Mais je m’égare un peu. Et c’est d’ailleurs ce qui nous permettra de saisir un second élément de réponse à nos pourquoi. Et, du coup, de mieux réaliser comment fonctionne la lettre aux Ephésiens.
Car cette lettre n’est pas un traité méthodique, comme par exemple l’épître aux Romains. Elle n’est pas un écrit composé tranquillement dans un bureau et bien structuré. Non, c’est plutôt une prédication plus ou moins improvisée, à partir d’éléments bien connus. Un peu comme une improvisation en jazz, qui développe des thèmes précis, mais qui les agence, les oriente, les anime selon la fantaisie du moment.
L’auteur de la lettre aux Ephésiens, probablement un disciple de Paul, une ou deux générations après l’apôtre, improvise donc. C’est presque un pot-pourri des “best-sellers” de Paul, de ses versets les plus connus. Avec juste un point commun pour les accrocher l’un à l’autre, comme des wagons... ou comme la comptine de notre enfance: “J’en ai marre, marabout, bout de ficelle, selle de cheval...”.
Donc, l’obscurité de notre épître vient de la manière dont elle a été composée (soit, en termes savants, de son genre littéraire). C’est un pasteur qui prêche; et, comme tout pasteur, il a de la peine à garder le fil!
Et c’est ce qui explique, d’ailleurs, la tragique mésaventure du fameux verset que même les incroyants connaissent par coeur. Je veux parler de “Femmes, soyez soumises à vos maris”.

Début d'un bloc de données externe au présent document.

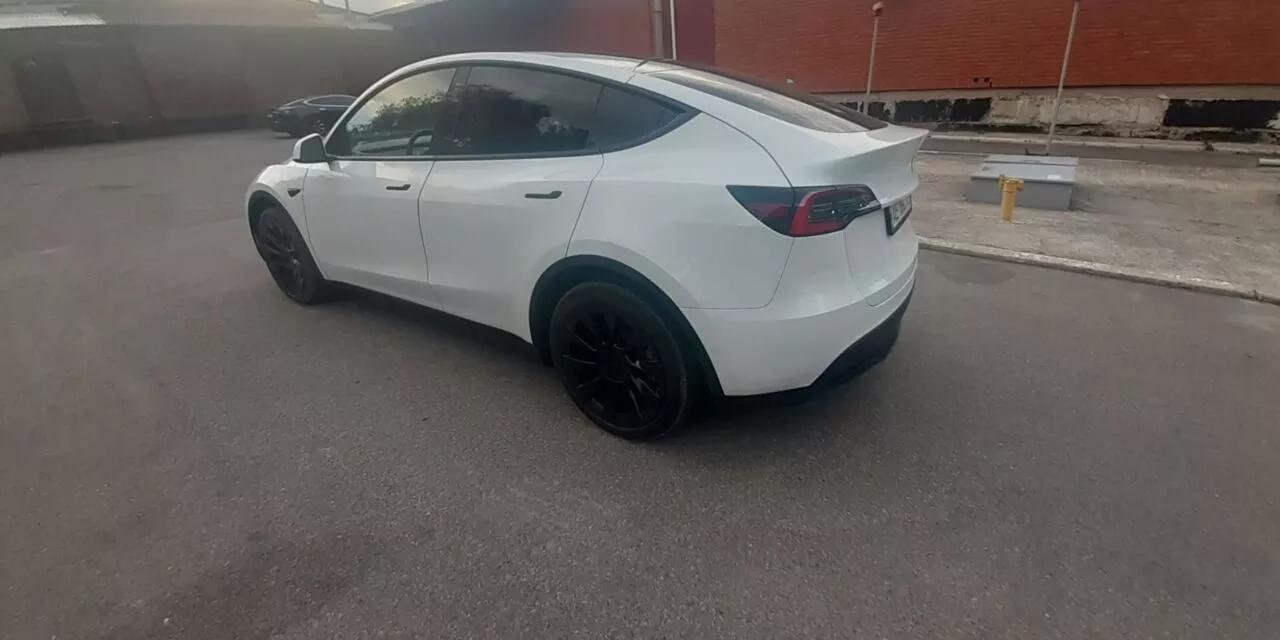 Tesla Model Y  75 kWh 2021301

En effet, l’auteur de la lettre aux Ephésiens développe une longue réflexion sur l’Eglise. Dans ce mouvement, il reprend le thème de la réconciliation et de l’humilité nécessaires entre croyants (dont nous avons parlé dimanche passé). Et là, trait de génie, il dit: “Soumettez-vous les uns aux autres, à cause du Christ”.
Puis, pour faire comprendre le sens de cette soumission, il donne des exemples bien connus à l’époque: les femmes à leur mari; les esclaves à leur maître; les enfants à leurs parents... Ce ne sont pas des commandements qui seraient au centre de la réflexion; c’est un constat destiné à éclairer le sujet. Et le sujet, c’est toujours l’Eglise, et la soumission réciproque initiée par le Christ.
Savez-vous, entre parenthèses, que le mot Eglise revient neuf fois dans la lettre aux Ephésiens, et que sur ces neuf, six sont contenus dans le seul paragraphe sur les rapports entre femmes et maris?
Alors, avant de refermer la parenthèse, je vous en supplie, cessons de lire ces mots sur les épouses comme l’expression d’une volonté de Dieu, alors que ce ne sont que des comparaisons basées sur la vie de l’époque; des exemples dont le but est de faire comprendre un peu du mystère de l’Eglise, un peu du mystère de Dieu.